Glugio Nicandro, the artist known as Gronk, was born to Mexican-American parents in East Los Angeles, California in 1954. He is a prolific painter, muralist, performance artist, theatrical set designer, art collective co-founder and art activist.

 

Gronk was raised by his mother, a librarian and activist, who encouraged him to read and to become an activist himself. He said that Gronk is a name his mother found in an article in National Geographic about a Brazilian tribe while resting shortly before his birth.

 

Gronk was inspired by an uncle who was always drawing and by television shows and foreign films.
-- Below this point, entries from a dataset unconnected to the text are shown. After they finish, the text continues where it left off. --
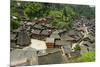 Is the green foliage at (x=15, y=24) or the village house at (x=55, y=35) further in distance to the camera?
the village house at (x=55, y=35)

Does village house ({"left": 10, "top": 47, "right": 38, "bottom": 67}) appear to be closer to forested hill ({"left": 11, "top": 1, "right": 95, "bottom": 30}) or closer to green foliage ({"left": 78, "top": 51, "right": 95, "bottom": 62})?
forested hill ({"left": 11, "top": 1, "right": 95, "bottom": 30})

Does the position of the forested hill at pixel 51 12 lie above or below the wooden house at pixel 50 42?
above

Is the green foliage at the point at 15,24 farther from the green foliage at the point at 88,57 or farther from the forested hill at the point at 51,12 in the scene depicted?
the green foliage at the point at 88,57

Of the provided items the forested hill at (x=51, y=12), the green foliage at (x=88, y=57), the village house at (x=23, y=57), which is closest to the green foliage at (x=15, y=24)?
the forested hill at (x=51, y=12)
One of his early memories was his mother bringing a boomerang shaped coffee table into the house. He thought of the table as his spaceship, and would sit on it to watch sci-fi movies on TV. He credits his ceramic teacher at Stevenson Junior High School in East LA for encouraging him to create works that inspired him, and were fun, and to not let other peoples’ criticism affect his work.

 

At the age of fourteen, Gronk began writing plays. He put together a performance of one of his plays while in high school, which led him to meet other young, creative people. The group eventually became ASCO (Spanish for ‘disgust’), a Chicano artist collective that was active from 1972 to 1987. The group focused on solving social, economic and political problems in the community. The Vietnam War had a severe impact on  East LA.  “A lot of our friends were coming back in body bags and were dying,” Gronk said, “and we were seeing a whole generation come back that weren't alive anymore. And in a sense that gave us nausea ... that is Asco, in a way.” Gronk was drafted, but after two weeks of boot camp at Fort Ord the army decided that he just didn’t fit in and he was sent home.

 

In 1973, Gronk and ASCO founder, Willie Herrón IIl, painted a mural at the Estrada Courts housing project in East LA, to commemorate The Chicano Moratorium. The Moratorium took place of August 29, 1970. Members of the community marched to Laguna Park to protest the Vietnam War. The L.A. County Sherriff’s department reacted to a report that a liquor store had been robbed and tried to stop the protest. Tear gas was deployed, shots were fired and three people died in the melee. The Moratorium was the catalyst for the Chicano community to engage in social activism through art, music and performance, in ways that it had never done before.

 

In 1983, Gronk was awarded a fellowship from the National Endowment for the Arts, which allowed him more time for his own painting, rather than the performance art he had been working on with ASCO. He often paints a recurring image of a woman, facing away from the viewer, that he calls ‘The Tormentor’.

 

Gronk has created stage sets for the Los Angeles Opera and the Santa Fe Opera. He was given a residency at the University of New Mexico in 2003, was Artist-in-Residence at Fullerton College. His work was part of an ASCO retrospective at the Los Angeles County Museum of Art and can be found at The Cheech Marin Center for Chicano Art, Culture & Industry, the Smithsonian and other major venues.

 

Gronk doesn’t drive, and can often be seen walking around his neighborhood in Downtown LA. He often opens his studio to art students.

 


 

References:
Carolina Miranda. A ‘Catalytic Moment’ for Art and Culture’. Los Angeles Times. August 23, 2020.
Jeffrey Rangel. Archives of American Art/Interview. Smithsonian. January 20-23, 1997.